Elliott Erwitt began capturing photographs in 1948. In an illustrious career, his photography took him around the globe, to explore political and social unrest around the world. Erwitt’s photography is known for a biting sense of honesty and an ability to peer into a subject’s soul with blunt humor. Nowhere is his expertise more obvious than in his Son of Bitch portfolio, centering on the critically human subject of dogs.
The humor of Erwitt’s dogs often comes from the way they expose or contrast their human companions with their unimpeded honesty. In USA, for example, the dog’s bright and excited face, its fluffy upturned belly open for pats, defies the reserved and conventional posture of the family’s portrait.

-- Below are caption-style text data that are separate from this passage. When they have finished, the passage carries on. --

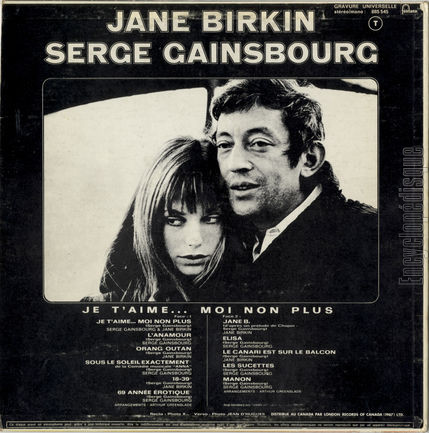 [Pochette de Jane Birkin - Serge Gainsbourg (Jane BIRKIN et Serge GAINSBOURG) - verso]
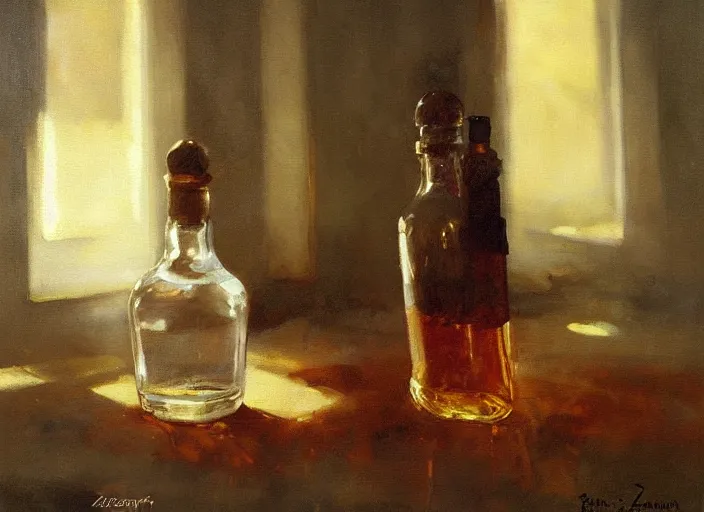 Prompt: oil painting of whiskey bottle, art by anders zorn, wonderful masterpiece by greg rutkowski, beautiful cinematic light, american romanticism by greg manchess, reflections in copper, sunlight, dust and steam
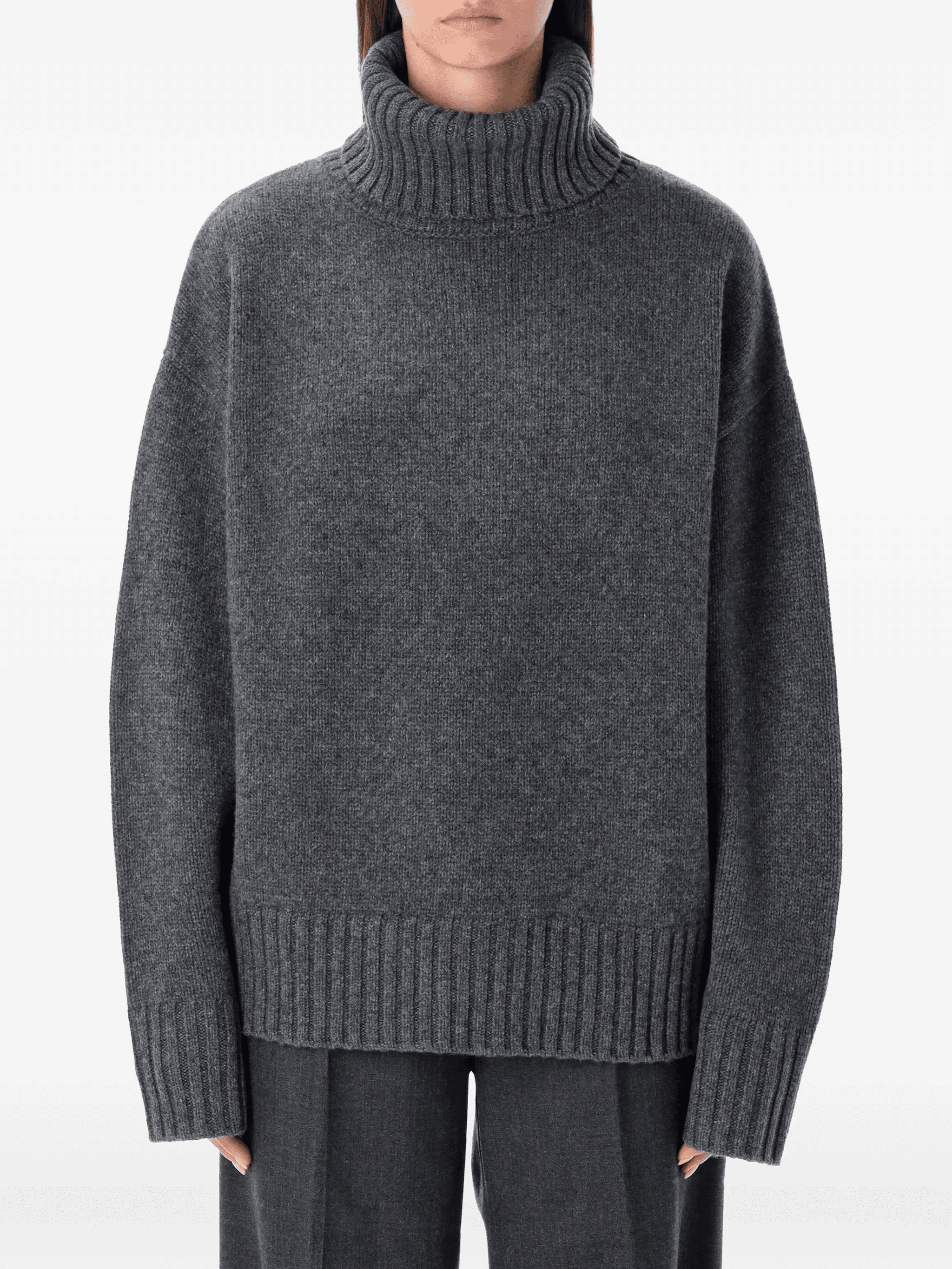 turtleneck ribbed-hem sweater - Image 1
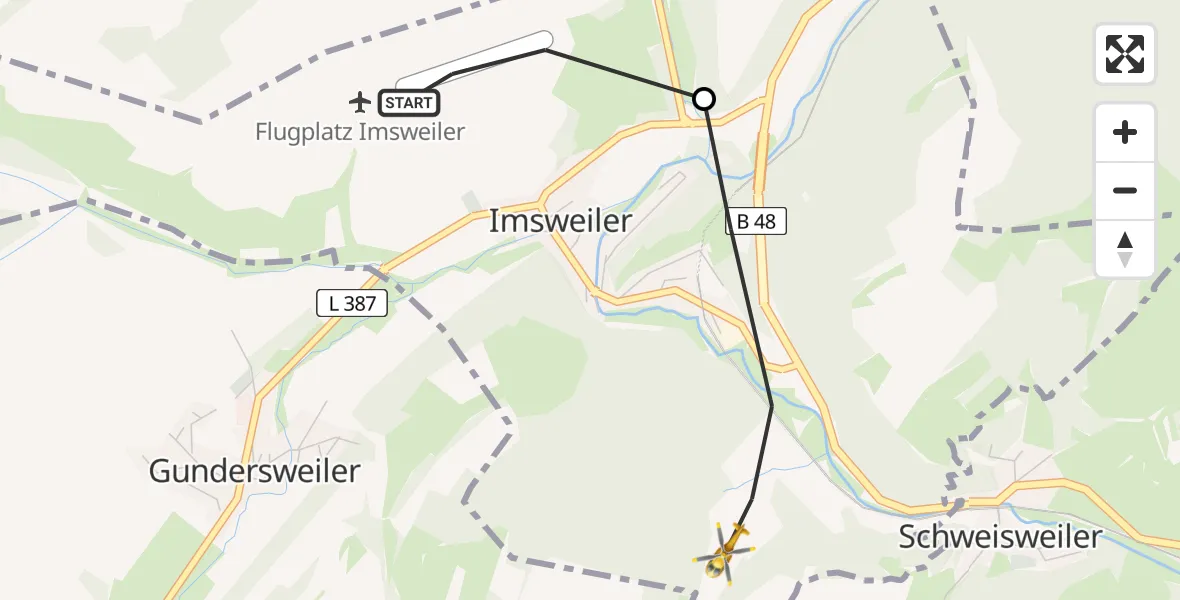 Flugroute Rettungshubschrauber Imsweiler UL - Imsweiler, 19 Februar 2026, 16:16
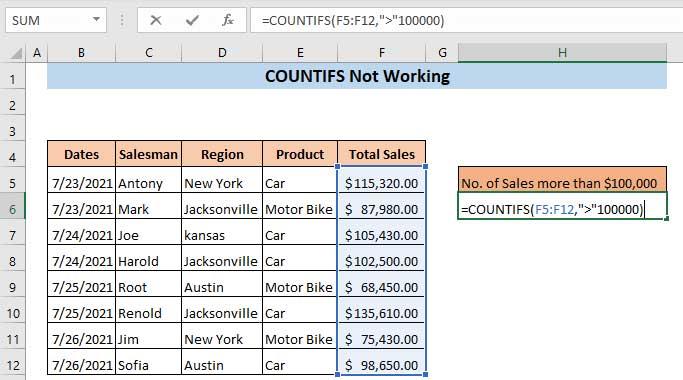 COUNTIFS 함수, Excel에서 여러 조건에 따라 셀 개수 함수를 사용하는 방법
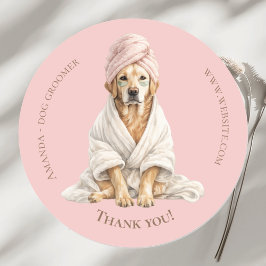 Dog Groomer Spa Personalized Thank You Stickers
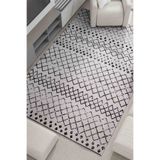Serente Home İskandinav Desenli Yıkanabilir Kaymaz Taban Şönil Halı Gri Siyah Yolluk 4147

In Brighton, England, however, the dog makes clear its distaste for the posed portrait. While the woman puts on a smile, either oblivious to the dog’s discomfort or deliberately ignoring it, the dog feels no pressure to conceal its feelings. There’s no posing here: it wants its opinions known and respected.
“People like to point out that it’s taken from the dog’s point of view, but the dog, of course, isn’t surprised by that, as you can see. He’s completely ignoring the person next to him, and her point of view.”
One of Erwitt’s most famous portraits, this tiny chihuahua is happy, fashionable, and enjoying life. Just as it is the biggest item in the image’s frame, it fills its whole world. Though its sweater and the prim heels of its owner imply a deep connection with its human companions, they are secondary to the dog’s simple pleasures.
Many of Erwitt’s portraits, like those above, flesh out a blunt sense of humor. They poke fun at human behavior with the open candor of the dog’s personality, which is often at odds with what humans want or expect. Their absorbing and open personalities are the most honest thing in the room, making them the endearing best friend we know dogs to be.
Yet Erwitt’s dogs are not merely counterparts to humans, revealing their idiosyncracies and oddities. In his work, dogs are extraordinarily human themselves.
Erwitt’s ability to flesh out a dog’s personality doesn’t end with his ability to capture irony. In fact, he’s able to draw something deeper out of the dogs, which illustrates just how human dogs can be. In New York, 1973, we see the show dog’s eyes directly. The dog is equal parts smug and bored, putting up with laborious preparation for its polished appearance. It’s a remarkably person-like expression, of a performer just before they begin the show.
“Every minute, they have to live on two planes at once, juggling the dog world and the human world.” Erwitt, To the Dogs
In Loire Valley, the graying, older dog stands with a group of graying, older people. Unlike the earlier images, it’s not betraying a truth about the group. Instead, the dog is a part of this group, judging passersby with them. Although this dog’s a little off the mark, facing the wrong direction, it’s still clearly part of the group.
In Man Walking with Cane, it is the man who is an interloper. Although the only image in the Cunningham Center is the pair’s goodbye, Erwitt actually created a series of images for this encounter. They regard each other with fascination, but it is the man who has walked onto the dog’s property. The dog’s poise and stillness convey that this sidewalk is his domain. He bids the stranger hello and goodbye without needing to leave his perch.
In Cambridge, MA, the dog doesn’t need to perform for or converse with humans. As it navigates the landscape of the city, for a brief moment the mask falls, and in its independence the dog is especially human.
“These are not portraits of dogs. Look again.” – Elliott Erwitt, To the Dogs.
In each of these three portraits of dogs, Erwitt’s sense of humor drops, and instead the dogs’ plain candor is piercing. In Ireland and Paris, the detailed focus on the bright, pale eyes of the dogs gives off the sense that their gaze can cut through lies. If eyes are the window to the soul, then these dogs are not only baring their own to the world: they are appraising ours right back.
In Siberia, the dog’s eyes are shrouded and unseen. Instead, it is the dog’s exhausted posture, its refusal to meet the camera’s gaze, which is piercing. The dog is small against the city behind him, an especially human scale.
In each of these works, Erwitt highlights the ways dogs enhance our own lives. Their rich personalities, unfailing honesty, and ability to walk between canine and human worlds produce unique insights into their environments. His portraits of dogs reveal stunning, cutting, and humorous truths about man’s best friend.